Persea Press has recently issued a new selection from the poetry of another
American woman who, like Moore, had an immense and underestimated influence on
the direction of literature in this century: Laura Riding. Riding's infamous
and disastrous love affair with Robert Graves has unfortunately overshadowed
her strange, piquant, and unforgettable poems; editor Robert Nye's A
Selection of the Poems of Laura Riding (Persea Press, 163 pages,
$12.95) shows Riding at her best: "The wind suffers of blowing,/The sea suffers
of water,/And fire suffers of burning,/And I of a living name."
All literary prizes, by their nature, are surrounded by gossip, infighting,
and controversy, but from time to time they hit their mark.
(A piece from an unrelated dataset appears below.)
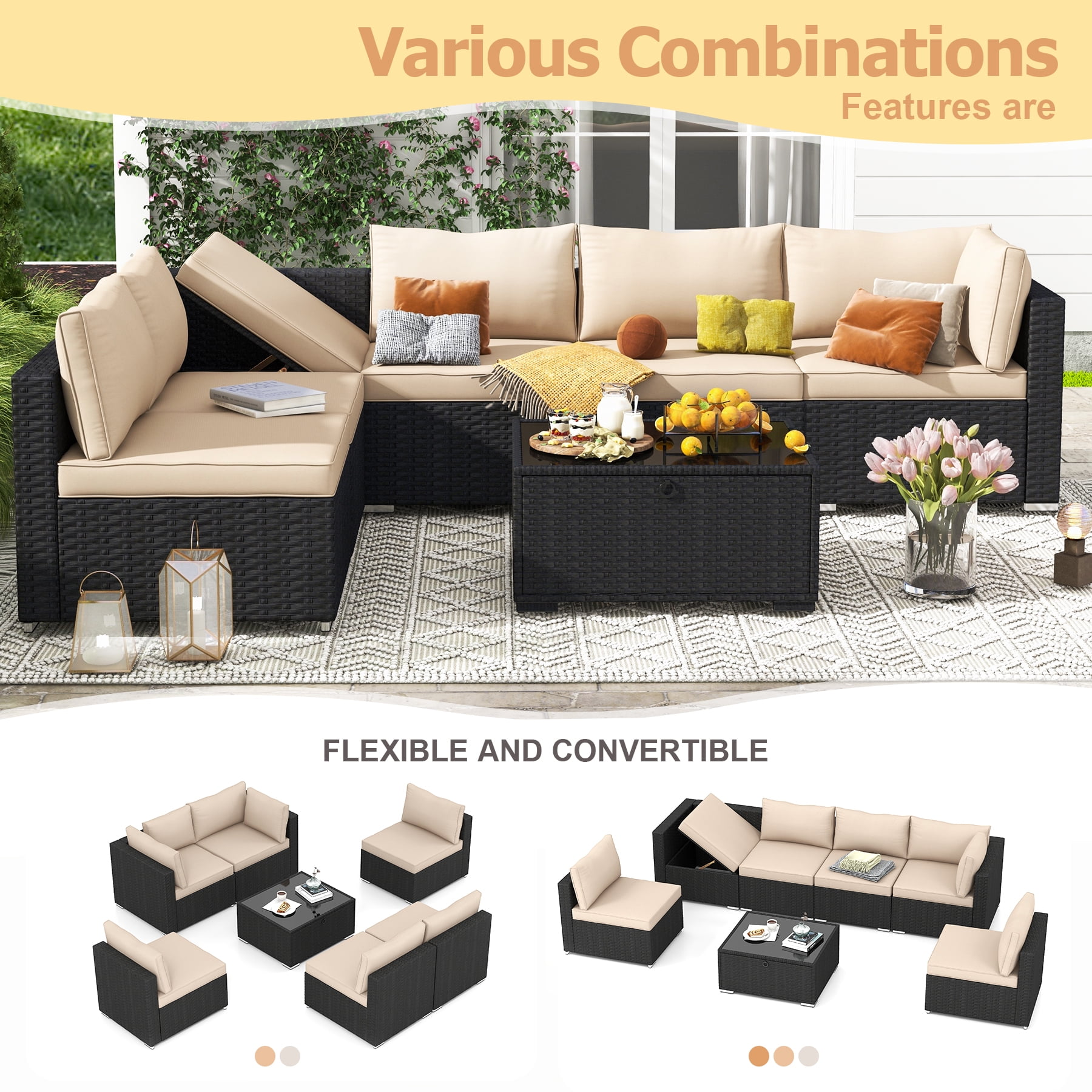 GYUTEI 7 Piece Patio Furniture Set with Adjustable Bracket All-Weather Wicker Conversation Set with Coffee Table for Porch Garden Backyard (Khaki)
Few of the poets
who have been awarded MacArthur Fellowships thus far have been more worthy than
1998 winner Linda Bierds, whose The Profile Makers: Poems (Henry
Holt, 80 pages, $12.95), like its predecessor, The Ghost Trio, movingly
makes the past a necessary prelude and lesson for our own experience -- as her
poem about William Wordsworth's sister Dorothy asserts, "all we have passed
through sustains us." Amy Gerstler, whose Bitter Angel won the National
Book Critics Circle Award in 1991, has just published Crown of
Weeds (Penguin, 96 pages, $14.95), perhaps her most striking volume
yet. Gerstler shares with Sylvia Plath and Stevie Smith the ability to make us
laugh through our discomfort: "I was brought here to recover/my presence of
mind--/a pear-scented essence/which slipped through my fingers/like disobedient
lotion."
Since November 11 marked the 80th anniversary of the first Armistice Day, it
seems a good time to remember British poet and composer Ivor Gurney, whose
gradual physical deterioration and descent into madness after a gassing at
Paschendaele was as great a loss to literature as the deaths of Rupert Brooke
and Wilfred Owen. George Walter's new selection of his verse, Ivor
Gurney (Everyman Paperback Classics, 108 pages, $1.95), ably
demonstrates the singular music, remarkable experimentalism, and profound
feeling of an outstanding poet: "What did they expect of our toil and
extreme/Hunger -- the perfect drawing of a heart's dream? . . . Out
of the heart's sickness the spirit wrote/For delight, or to escape hunger, or
of war's worst anger."
And if none of these please, you could do very much worse than to pick up
The Best American Poetry 1998, now in its 10th year under the
diligent general editorship of David Lehman (Touchstone, 320 pages, $14), which
includes many of the poets discussed here and many more besides. Necessarily
provisional and subjective, it remains a fascinating overview of the hundreds
of vigilant, insightful poets at work in America today.
Graham Christian will spend this holiday season in Somerville, writing the
screenplay for a Muppet version of Howl.